The above exceptions present two points for examination.
1. Whether the mortgage deed was valid.
2. Whether it was duly recorded.
To the decision of the Court, that the evidence did not show that the stockholders had organized themselves under the act of incorporation, so as to enable them to execute a corporate deed, there was no exception. This ruling of the Circuit Court is not, therefore, brought before this Court.
The deed of mortgage purports to be executed by the corporation. The Union Steam Mill Company is the name of the corporation; and on the face of the deed, the company is stated to have been legally incorporated. Daniel Greene, as the agent of the company, and in its name, signed the deed, and affixed to it the seal of the corporation.
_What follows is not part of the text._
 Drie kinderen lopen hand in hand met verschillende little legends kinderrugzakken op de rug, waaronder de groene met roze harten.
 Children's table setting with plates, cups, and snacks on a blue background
And the counsel for the plaintiff in error insist, that this mortgage can only be operative as the deed of the corporation. That if it be not the deed of the corporation, it is no deed. And that in no sense can it be considered the deed of the stockholders of the Union Steam Mill Company, as partners; independent of the act of incorporation.
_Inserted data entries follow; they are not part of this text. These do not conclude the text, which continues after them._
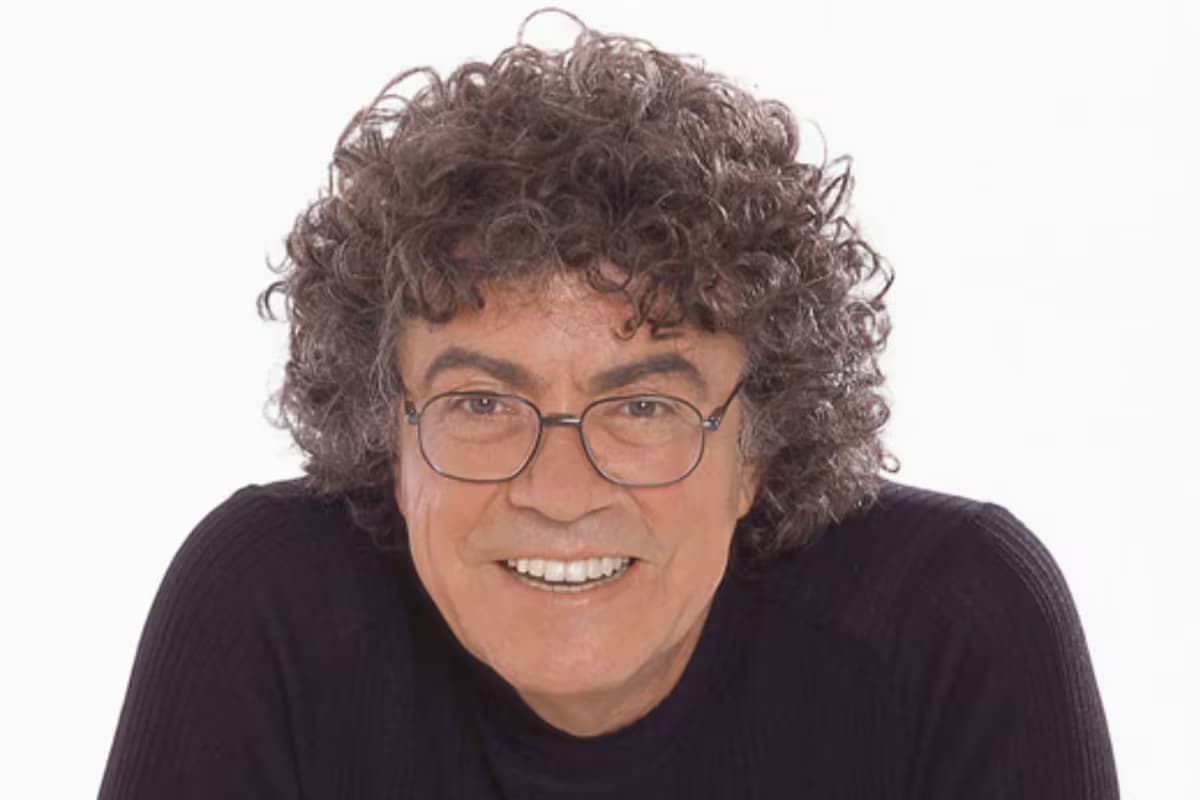 Retrato del cantautor Piero, sonriente, con gafas y cabello rizado canoso
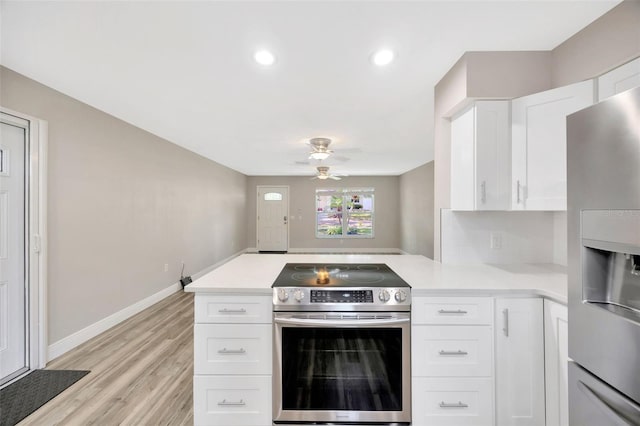 1155 Withlacoochee St, Safety Harbor, FL 34695 - kitchen featuring light wood-style flooring, appliances with stainless steel finishes, light countertops, a peninsula, and a ceiling fan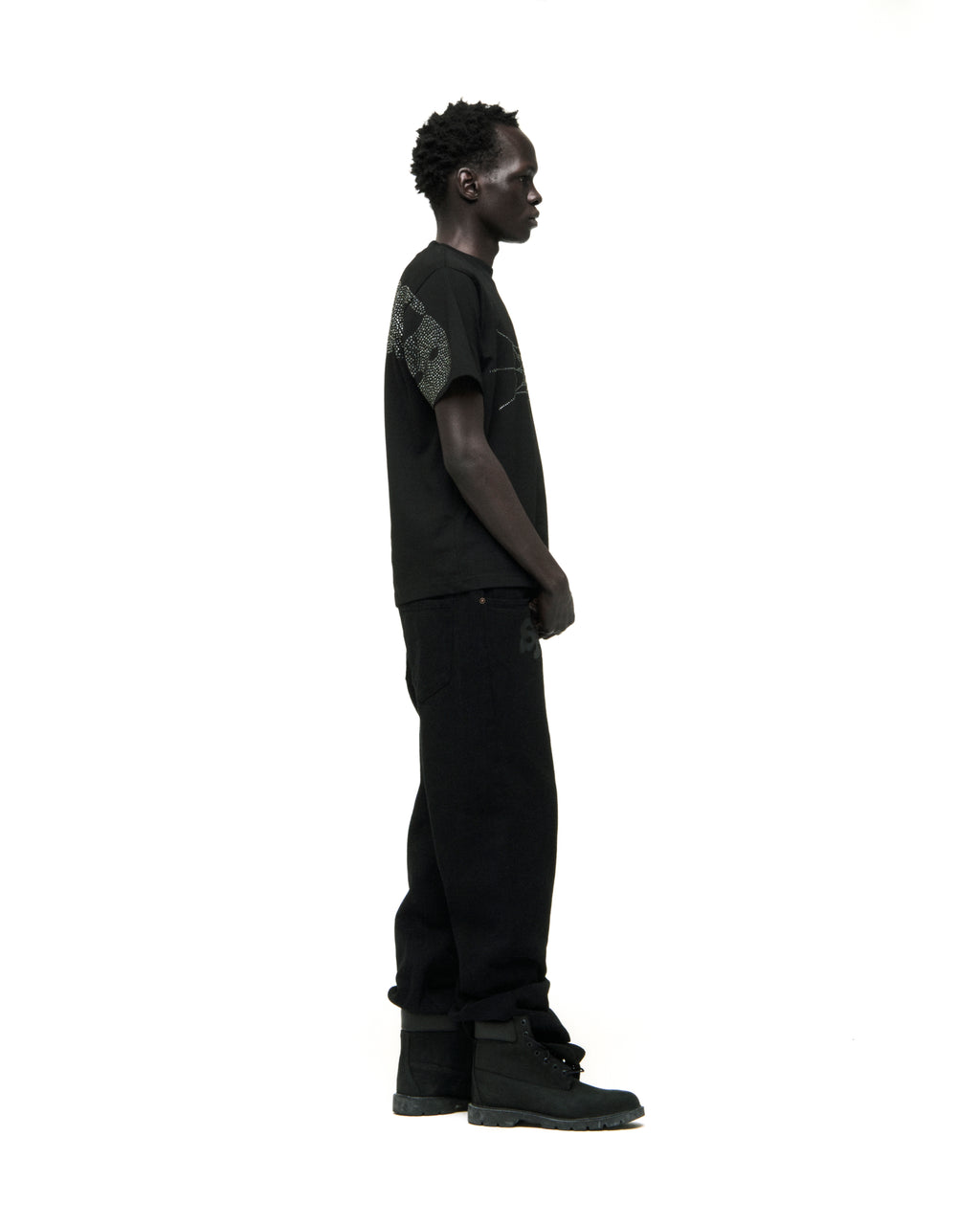 Black cotton tee with rhinestone graphic, worn by a man in profile.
This, it is said, would be giving a different effect to the deed from that which was intended by the parties who executed it. They bind themselves as corporators, and convey, as such, the property of the corporation; and to hold that the deed binds them in any other capacity, or conveys the property in any other, would not only essentially vary the terms of the deed, as clearly expressed upon its face, but it would be a fraud against the creditors of the company. And it is also insisted, that the deed, being under seal, and executed by only one of the partners, cannot bind the company.
From the record it appears that this company did business before the act of incorporation was passed, and that Daniel Greene acted as its agent. And that after the deed of William P. Salisbury, conveying to the company all his interest in the property, in May, 1837, Daniel Greene and R.W. Dickinson composed the stockholders of the company. And it appears, after they assumed their corporate functions, much formality was observed in the record of their proceedings.
Greene acted as chairman and Dickinson as secretary: motions were made, and, as it would seem, were unanimously decided. A special meeting of the stockholders was called, on the subject of executing *433 the mortgage, by a formal note, addressed by R.W. Dickinson, as clerk, to Daniel Greene, and another to himself.
In their business proceedings, generally, as well as in the execution of the mortgage, these individuals assumed to act as a corporation. But they were not authorized to act in this capacity. This fact must be taken as granted, at least so far as the decision of the present case.
And here a question arises, whether the acts of these individuals, in their assumed character as corporators, are void. May they hold themselves out to the world as entitled to certain corporate privileges, when they were not so entitled; and afterwards avoid their contract on this ground? This would be a somewhat new, and certainly a most successful mode of practising fraud. It would be enabling a party to take advantage of his own wrong.
As the present controversy involves only the right to the personal property named in the deed of mortgage, it is not necessary to consider the validity of that instrument beyond the effect it has on this property.
It is a well settled rule, though a very technical one, that one partner cannot bind his copartner by deed. And it is equally well settled, that one partner may dispose of the personal property of the firm.
In this case, had an absolute sale and delivery of this property been made by Greene, no one, in the absence of fraud, could have questioned the title of the purchaser. But the mortgage was executed under seal, and Greene, it is alleged, could not bind his partner by deed.
That these individuals, not being responsible on their contracts as a corporation, or liable as copartners, is too clear to admit of doubt. The property of the company, both real and personal, was vested in them; and they controlled its entire operations.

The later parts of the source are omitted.